Below, some lines carry pictures; leave those pictures out and retype exactly the lines from the one with "Tumor-vs-normal expression box" through the one with "Gene Knockout Mesophilic".

#### INPUT
-- Opening Marker --

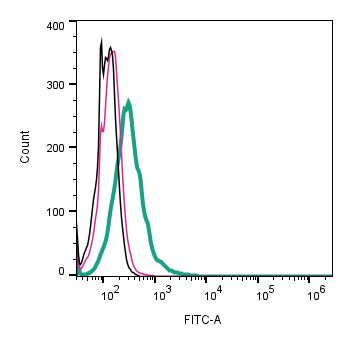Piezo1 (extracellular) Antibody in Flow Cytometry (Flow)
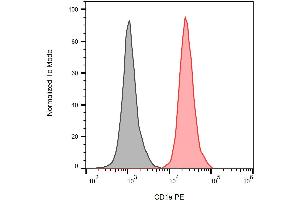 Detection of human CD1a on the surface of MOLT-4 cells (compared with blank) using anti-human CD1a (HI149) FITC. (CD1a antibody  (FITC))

-- Closing Marker --
-- Opening Marker --

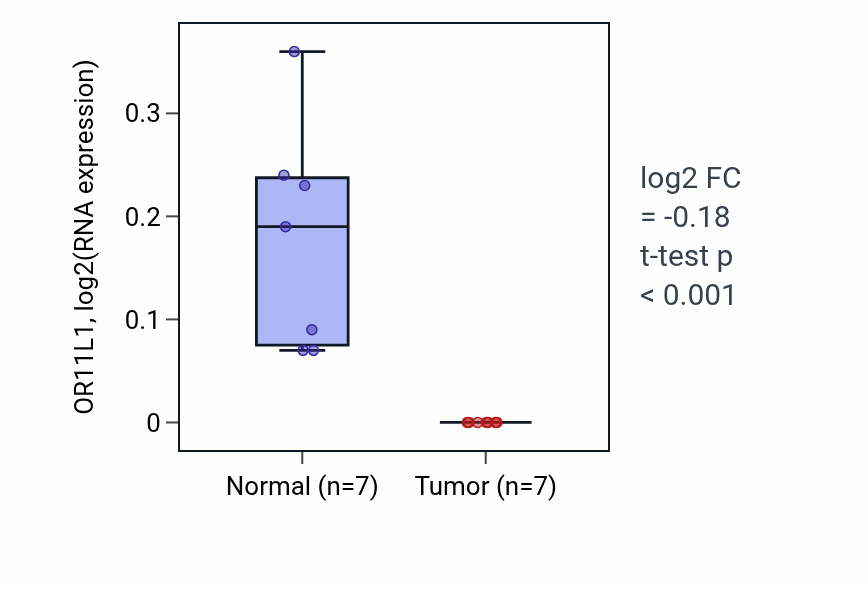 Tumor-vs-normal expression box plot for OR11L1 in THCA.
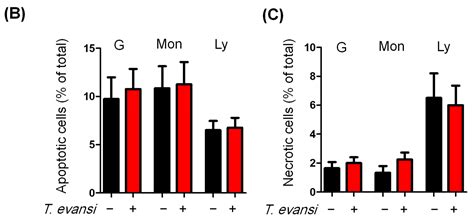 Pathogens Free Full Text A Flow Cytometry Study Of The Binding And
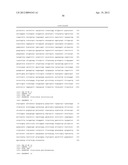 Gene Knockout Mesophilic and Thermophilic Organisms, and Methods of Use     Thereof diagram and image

-- Closing Marker --

#### SOLUTION FOR THIS TASK
 Tumor-vs-normal expression box plot for OR11L1 in THCA.
 Pathogens Free Full Text A Flow Cytometry Study Of The Binding And
 Gene Knockout Mesophilic and Thermophilic Organisms, and Methods of Use     Thereof diagram and image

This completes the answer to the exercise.